Daniel’s article offers a re-examination of the term “urban” as one that is conjoined with the “suburban.” She argues that the misconceptions of the “urban” are partially derived from American media and that of presenting Canada as a “multicultural mosaic” without referencing its colonial history. Daniel also points out that urban problems such as “poverty, unemployment, and ethnic and racial diversity” are not confined to urban spaces, but rather also experienced in the suburban under “the illusion of financial stability.” Finally, she introduces the idea that the inevitable restructuring nature of society resulting from the globalization movement should also be represented in leadership figures.
Overall, I really enjoyed reading this article as it allowed me to take a mindful look as to how my thoughts or preconceived judgements about the term urban came to be. I immediately became aware of the fact that I never allowed myself the opportunity to come to my own understanding of what “urban” actually means, and it was even more disturbing to realize the ease at which my thoughts became habitual based on the images portrayed in the media.

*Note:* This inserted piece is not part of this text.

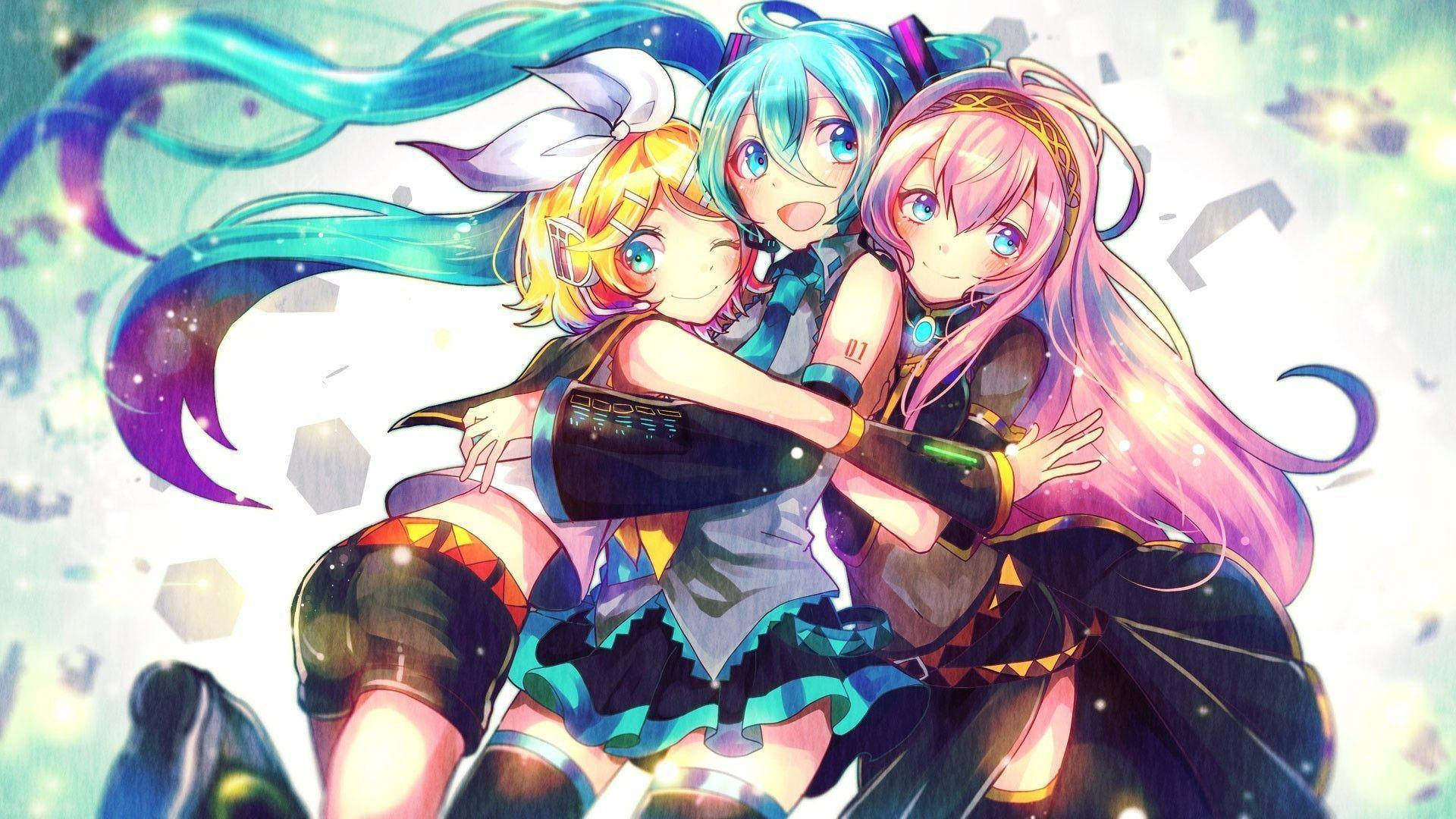 Three Anime Girls Hugging Each Other Wallpaper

While I was in agreement with most of the ideas represented in the reading, I found myself on an opposite end with regard to further anchoring Canada’s history of racial injustices into current curriculums. From my perspective, I think the negative spillover effects resulting from this idea will far outweigh the positive-inclusive attitude originally desired. I believe it is vital to display an honest and accurate representation of history into current curriculums but in doing so, one has to considerably take into account the psychological aspect in the process. Rehearsing negative mental images of racial injustices into a young developing mind that may or may not have access to additional resources may lead one to interpret the text through a narrow lense.